GPUs and other resources

• Keep usage of resources under control. For RAM and cores usage : htop and for GPU usage : nvidia-smi or gpustat
• After running your code (in case it is not stable), make sure that resources being used are under control (using above commands).
• To use a GPU, you must first book it at this google sheet provided, you will find some rules on how to do it in the spreadsheet. If you have any questions, please ask!
• In case you have to login using the monitor in lab, then remember to log out before leaving. This is necessary since logging in at the monitor will take up GPU memory which is not released even when the monitor is switched off.
• Use at most one GPU at a time. In case you need more, use the Discord #gpus channel to ask for permission and coordinate with the other users.
  • By default, TensorFlow uses all GPUs available. Set up your experiments to use the correct GPU.
  • In PyTorch, use torch.cuda.set_device(id) to set the proper GPU. Replace id with 0 for GPU0 and so on.
• After completing your task make sure you release the GPU memory (if not done automatically). Use nvidia-smi to look at running processes and kill them using kill <pid>.
• To determine the owner of process <pid>, use ps -o user= -p <pid> to find the username of the owner. If GPU is not booked, use the #gpus channel on Discord to coordinate with the user or request the admin to kill the process. If unbooked GPU user does not respond quickly, then admin must kill the process.

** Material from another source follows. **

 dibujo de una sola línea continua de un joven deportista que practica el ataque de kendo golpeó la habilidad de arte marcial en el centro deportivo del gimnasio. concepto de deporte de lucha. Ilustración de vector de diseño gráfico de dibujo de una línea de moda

How to setup your enviroment

• You must use conda to create an enviroment if you have custom dependencies for your project. DO NOT install conflicting packages in the base enviroment.
• Useful conda commands are listed below
  • To create an enviroment: conda create -n <name_of_your_enviroment>
  • Enviroment with custom Python version: conda create -n <name_of_your_enviroment> python=X.X where X.X represents the Python version you want to install. For example, the command for creating an enviroment with Python 3.5 would look like: conda create -n <name_of_your_enviroment> python=3.5
  • To install custom packages while creating your envrioment you can just list them out like this:

    conda create -n <name_of_your_enviroment> <package1> <package2>
    

    e.g. for creating enviroment with pip and sklearn packages the command would be: conda create -n <name_of_your_enviroment> pip sklearn Note: You can install pip as a conda package and then use it to install other packages as well
  • Make sure you are within your own environment and then you can use conda to install packages: conda install <package_name>, if the package is on custom channel use: conda install -c <channel_name> <package_name>
  • For more information on how to use conda please refer to the conda official documentation.

Writing code over ssh

• Jupyter Lab / Notebook :
  • Start Jupyter Notebook / Lab using jupyter-lab --port=<allocated_port> --no-browser after logging into your account.
  • In a local terminal, use ssh -f -N -L localhost:<local_port>:localhost:<allocated_port> username@ip_address to forward the allocated_port to your local_port.
  • Note that local_port and allocated_port are 4-digit numbers. Also, if either of the ports is already in use, the above command may fail.
  • Open the browser in your local PC and type URL localhost:<local_port>.
  • Example: Suppose you want to start jupyter-lab with port 6767 on the remote PC, then use jupyter-lab --port=6767 --no-browser. This will start a Jupyter Lab at port 6767 (this is the allocated_port). Now, suppose you want to access it in your local PC at port 8988 (this is the local_port), then use ssh -f -N -L localhost:8988:localhost:6767 username@ip_address. Note that this is called port forwarding (forwarding port from remote to local PC). Then, in your local browser, use the URL localhost:8988.
  • Note: Same commands apply for Jupyter Notebook. Just replace jupyter-lab by jupyter-notebook.
  • For installing Anaconda enviroments in Jupyter, use the following commands

  source activate myenv
  python -m ipykernel install --user --name myenv --display-name "Python (myenv)"
  

  for more info refer link
• Visual Studio Code :
  • This is one of the easiest ways to remotely write code.
  • Just follow the instructions given here and you can setup VS Code to connect to the remote server and edit any files there.
  • Using key-based authentication, you can configure both your laptop terminal and VS Code to login without password. Instructions for that are linked in the previous link.
• PyCharm or Atom or other editors :
  • There may be ways to configure a remote server on these editors too. If someone finds the link to instructions for this, then you can open a pull request linking it here or contact the admins to add it here.
• Vim / Nano :
  • vim and nano are terminal-based text editors which can also be used for quick access.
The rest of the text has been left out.